== Segment start ==

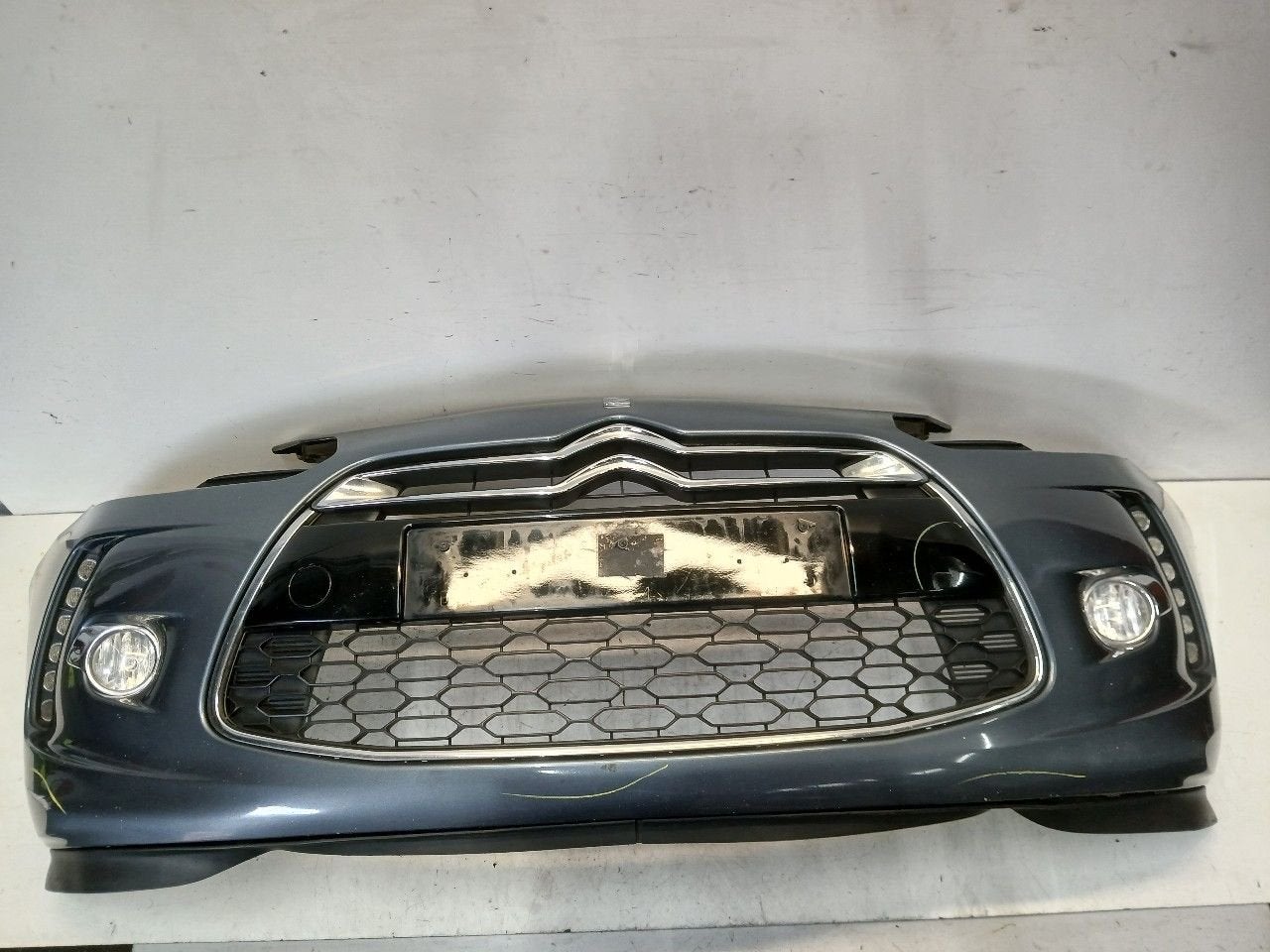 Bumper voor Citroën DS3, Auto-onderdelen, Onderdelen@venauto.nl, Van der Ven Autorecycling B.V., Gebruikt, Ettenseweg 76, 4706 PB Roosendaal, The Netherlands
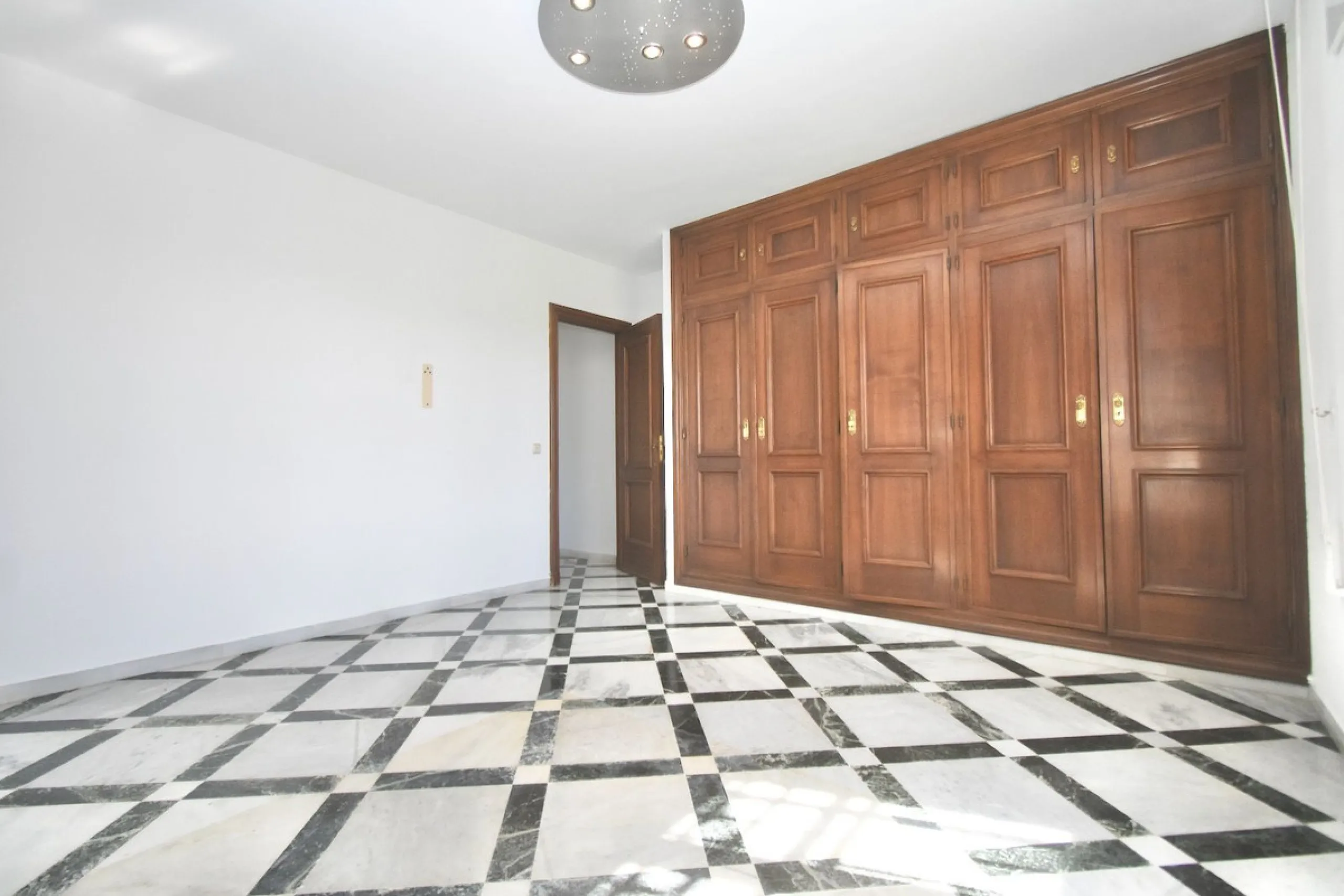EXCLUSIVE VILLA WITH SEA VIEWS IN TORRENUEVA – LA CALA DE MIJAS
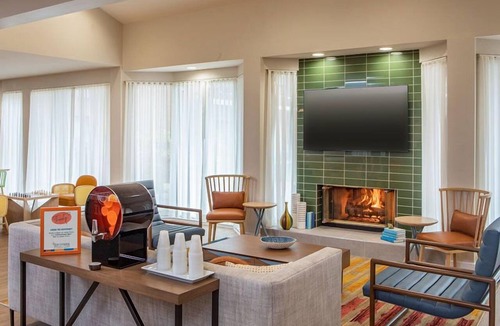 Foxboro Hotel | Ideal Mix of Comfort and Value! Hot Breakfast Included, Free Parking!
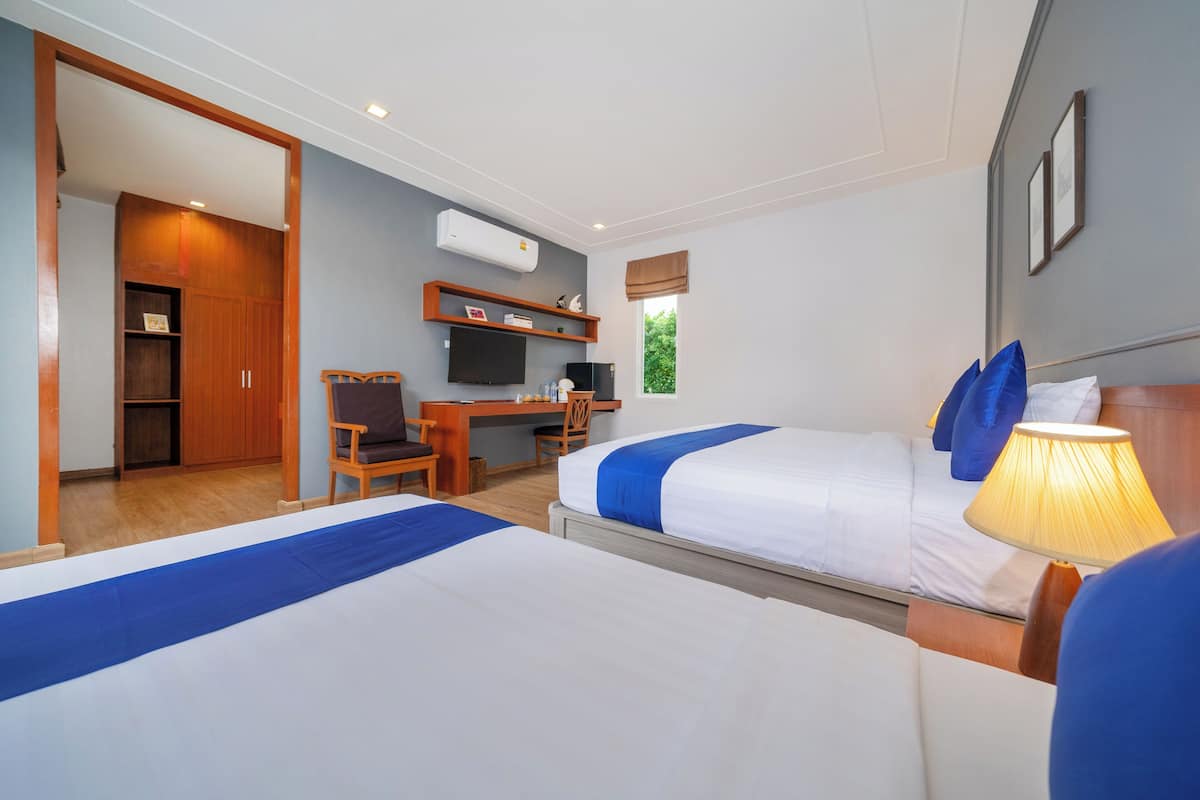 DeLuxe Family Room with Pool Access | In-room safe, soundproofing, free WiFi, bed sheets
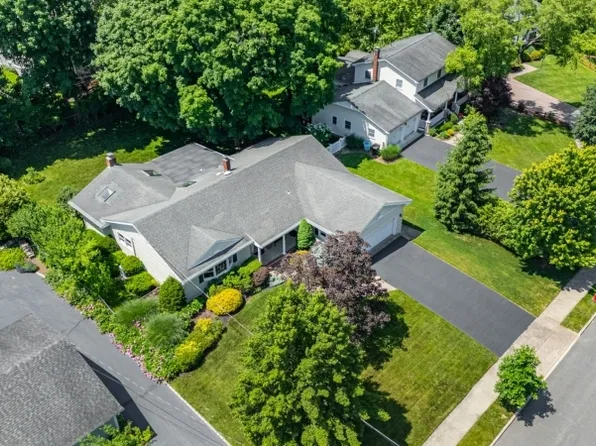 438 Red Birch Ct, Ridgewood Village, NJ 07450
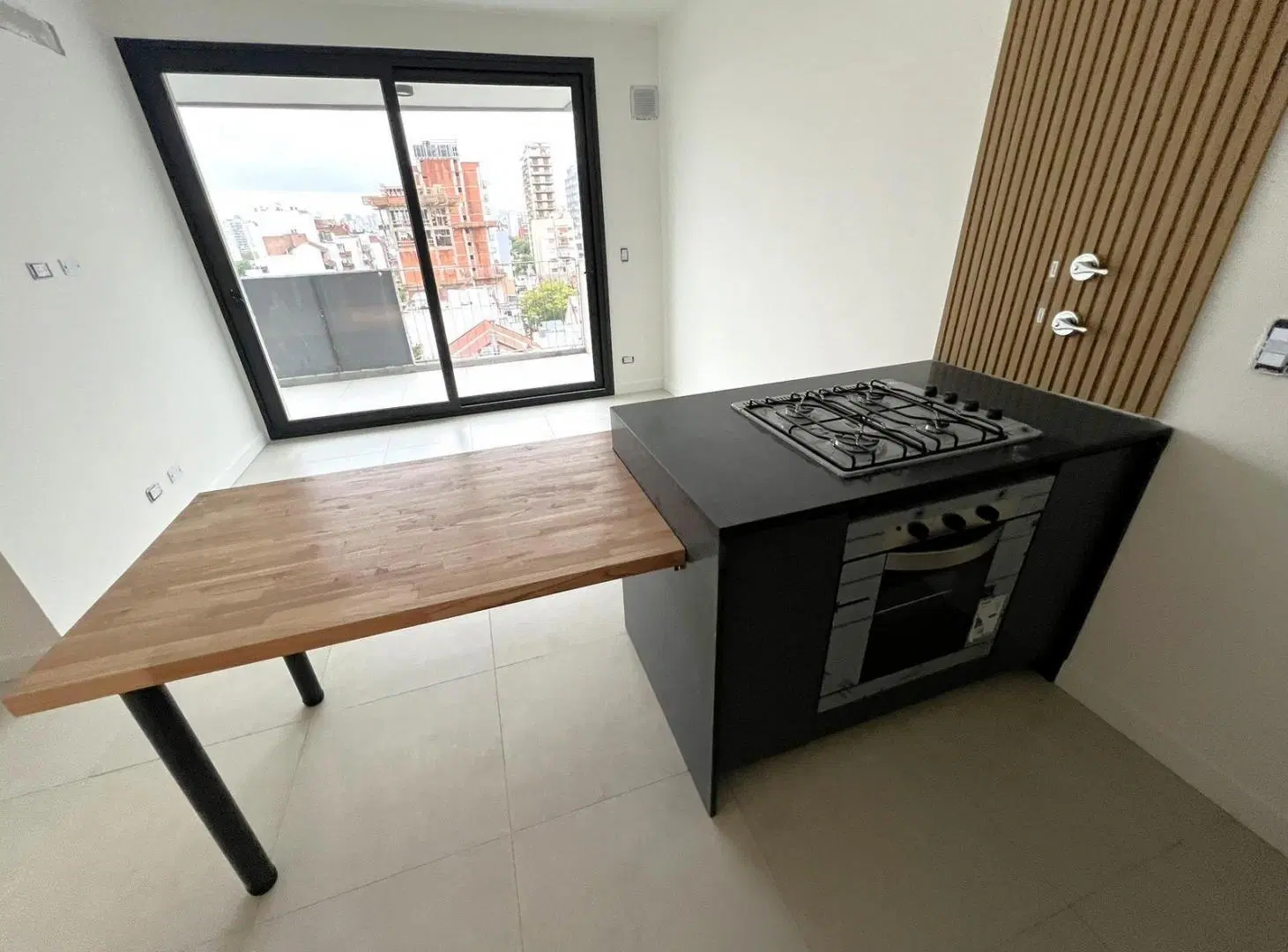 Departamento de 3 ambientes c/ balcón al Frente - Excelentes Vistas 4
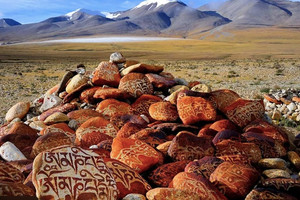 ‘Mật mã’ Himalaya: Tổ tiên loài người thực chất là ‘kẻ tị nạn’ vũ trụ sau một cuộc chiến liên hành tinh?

== Segment end ==

## What you will do
The full listing must come back exactly as written, with its pictures left out.

## Task answer
 Bumper voor Citroën DS3, Auto-onderdelen, Onderdelen@venauto.nl, Van der Ven Autorecycling B.V., Gebruikt, Ettenseweg 76, 4706 PB Roosendaal, The Netherlands
EXCLUSIVE VILLA WITH SEA VIEWS IN TORRENUEVA – LA CALA DE MIJAS
 Foxboro Hotel | Ideal Mix of Comfort and Value! Hot Breakfast Included, Free Parking!
 DeLuxe Family Room with Pool Access | In-room safe, soundproofing, free WiFi, bed sheets
 438 Red Birch Ct, Ridgewood Village, NJ 07450
 Departamento de 3 ambientes c/ balcón al Frente - Excelentes Vistas 4
 ‘Mật mã’ Himalaya: Tổ tiên loài người thực chất là ‘kẻ tị nạn’ vũ trụ sau một cuộc chiến liên hành tinh?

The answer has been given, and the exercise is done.